年を取ってからも働きたいと思う人が増えるのは素晴らしいことです。その一方で、職場が高齢者にとって安全な場所になっていないという問題も起きています。
この記事では、高齢労働者のためのエイジフレンドリーガイドラインについてご紹介します。
エイジフレンドリーガイドラインとは
エイジフレンドリーガイドラインは、厚生労働省が令和2年3月に「高年齢労働者の安全と健康確保のためのガイドライン」として策定しました。
現代では働く高齢者が増えており、60歳以上の雇用者数は過去10年間で1.5倍に増加しました。
特に小売店や医療・福祉・教育などのサービス業、外食産業・情報通信産業をはじめとした第三次産業で増加しています。
その一方で労働災害による死傷者数で60歳以上の労働者が占める割合は、平成30年の調査では26%となっており、現在も増加傾向にあります。
高齢労働者では特に転倒や転落災害の発生率がとても高く、男性よりも女性の労働災害が多くなっています。
こうした高齢者の労働災害を防ぐために、働く高齢者の特性に配慮した職場を目指す目的でエイジフレンドリーガイドラインが作られました。
事業者に求められる取り組み
職場で高齢者を雇用している事業者に求められる取り組みを見ていきましょう。
・安全衛生管理体制の確立
高齢労働者が、安全衛生についてのリスクや働く上で負担に感じていること、自身の不調などを相談できるよう、社内に相談窓口を設置してみましょう。また、高齢労働者が孤立することなくチームに溶け込んで何でも話せる風通しの良い職場風土づくりも効果的です。

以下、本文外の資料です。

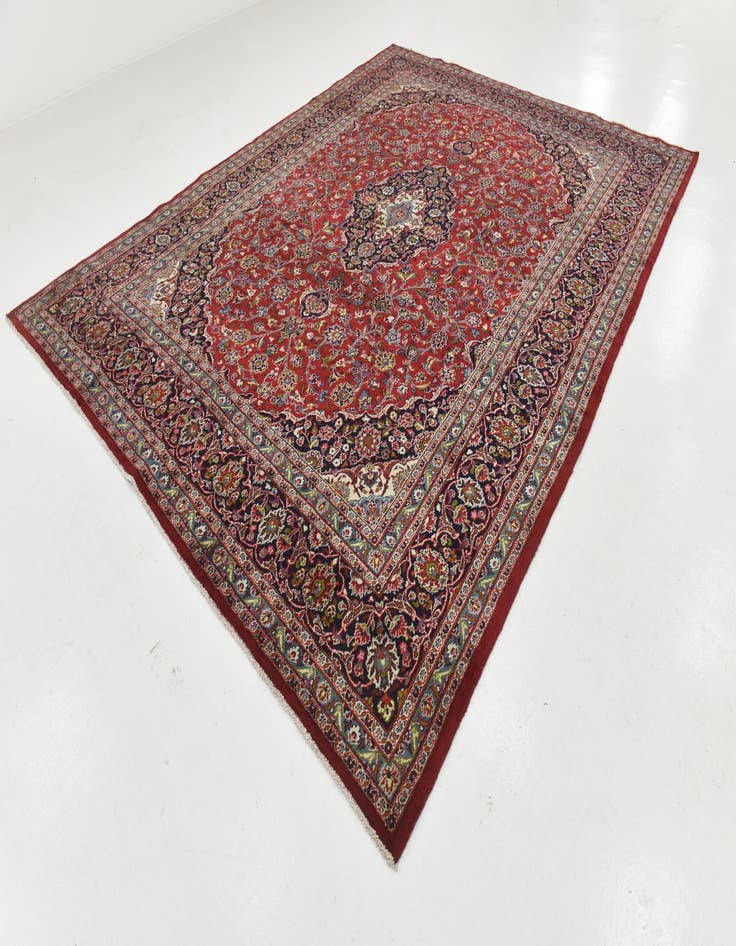 Detail image of 9' 8 x 12' 7 Hand Knotted Kashan Persian Wool Rug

また、高齢労働者は、若い世代と比べて身体機能の低下などが起きています。高齢者特有の労働災害発生リスクについて、災害事例やヒヤリハット事例から洗い出し、労働環境に応じた対策をとることも必要です。
・職場環境の改善
高齢者でも安全に働き続けることができるよう、身体機能の低下を補うための設備・装置などを導入してみましょう。
例えば、職場の照明を明るくして見えにくさを解消する、危険を知らせる警報音は聞き取りやすい中低音域の音を採用する、階段には手すりをつける、できる限り通路の段差を解消するなどです。
・健康や体力の状況の把握
高齢者を雇用する際は、定期的な健康診断の実施が大切です。時短勤務などで、事業所の健康診断対象にならない高齢者の場合は、地域の健康診断など受診を希望する場合、勤務時間の変更や休暇の取得について柔軟に対応しましょう。
また、高齢者の労働災害を防止するためにも、事業者は高齢労働者の体力にあった作業につかせるとともに、高齢労働者が身体機能の維持や向上に取り組めるよう、体力チェックを継続的に行うのがいいでしょう。
まとめ
若い世代と比べて、高齢者が働きやすい職場は、誰にとっても働きやすい職場になるでしょう。
高齢者のために職場環境を整えた結果、高齢者以外の労働災害件数も減らすことができたというケースもあります。
働きたいと思う人が、ケガや事故に遭わずに安全に楽しく働くためにぜひエイジフレンドリーガイドラインを活用してみてください。